Within the next two weeks Time magazine will publish lengthy excerpts from Colin Powell's memoirs, Barbara Walters will interview him for a prime time television show, and the general will begin a nationwide promotional tour at a book store in Virginia.
That tour is going to be treated by most who follow it closely -- journalists, voters, candidates for president -- as the equivalent of the presidential campaign trail. Technically and legally it won't be. He may not have made up his mind yet if he wants to run. Even if he has, his publisher wouldn't let him admit it, thus limiting his ability to get free broadcast appearances (since other candidates might then demand the same thing).

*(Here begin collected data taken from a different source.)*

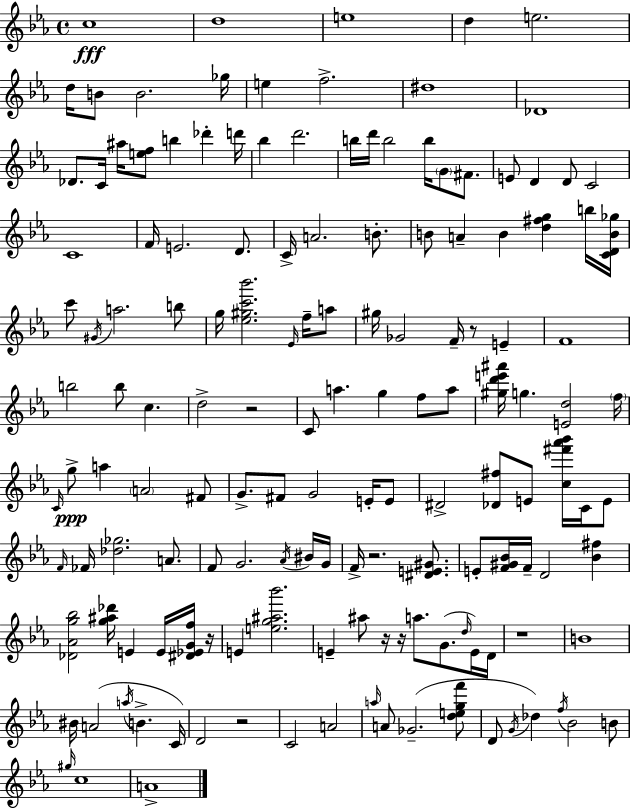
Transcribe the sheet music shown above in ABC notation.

X:1
T:Untitled
M:4/4
L:1/4
K:Eb
c4 d4 e4 d e2 d/4 B/2 B2 _g/4 e f2 ^d4 _D4 _D/2 C/4 ^a/4 [ef]/2 b _d' d'/4 _b d'2 b/4 d'/4 b2 b/4 G/2 ^F/2 E/2 D D/2 C2 C4 F/4 E2 D/2 C/4 A2 B/2 B/2 A B [d^fg] b/4 [CDB_g]/4 c'/2 ^G/4 a2 b/2 g/4 [_e^gc'_b']2 _E/4 f/4 a/2 ^g/4 _G2 F/4 z/2 E F4 b2 b/2 c d2 z2 C/2 a g f/2 a/2 [^gd'e'^a']/4 g [Ed]2 f/4 C/4 g/2 a A2 ^F/2 G/2 ^F/2 G2 E/4 E/2 ^D2 [_D^f]/2 E/2 [c^f'_a'_b']/4 C/4 E/2 F/4 _F/4 [_d_g]2 A/2 F/2 G2 _A/4 ^B/4 G/4 F/4 z2 [^DE^G]/2 E/2 [F^G_B]/4 F/4 D2 [_B^f] [_D_Ag_b]2 [g^a_d']/4 E E/4 [^D_EGf]/4 z/4 E [eg^a_b']2 E ^a/2 z/4 z/4 a/2 G/2 d/4 E/4 D/4 z4 B4 ^B/4 A2 a/4 B C/4 D2 z2 C2 A2 a/4 A/2 _G2 [degf']/2 D/2 G/4 _d f/4 _B2 B/2 ^g/4 c4 A4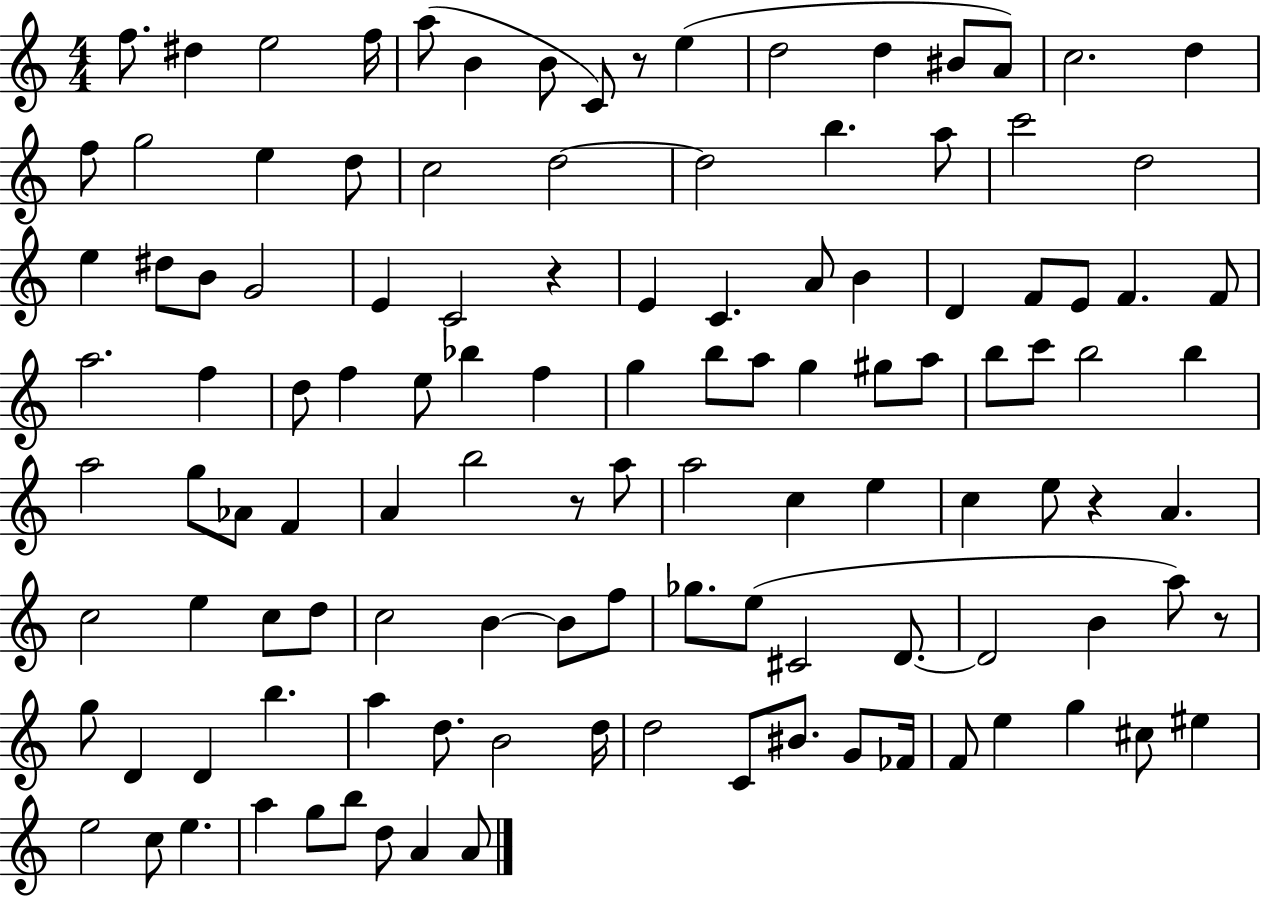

But by presenting his life and his ideas to the public in his book, in Time and in interviews and speeches as he travels to some two dozen cities in September and October, General Powell will be doing exactly what presidential candidates do -- present, define and explain one's self to the public. As of now he is an empty vessel for many, in the issues/political philosophy sense. He hasn't even told the American voter which political party he considers his (though the widespread assumption is that he is sort of a New Deal Republican, like Dwight Eisenhower).
Vagueness explains in part his popularity. Once he begins to take a position on abortion, or the flat tax, or Medicare, some who say they like him but learn they disagree with him on specifics will begin to tell pollsters another story. Or so the conventional wisdom goes. General Powell's most ardent supporters believe that his character, his personal qualities, his life, his apparent non-political persona will shine through the fog of issues to many Americans tired and disbelieving of conventional politicians' words.
In any event, the general can afford to lose some of his popularity and still be a formidable presidential candidate. The latest Times-Mirror Poll shows him with a 62/17 favorable/unfavorable rating. The second best showing by any presidential candidate was Bob Dole's 49/38.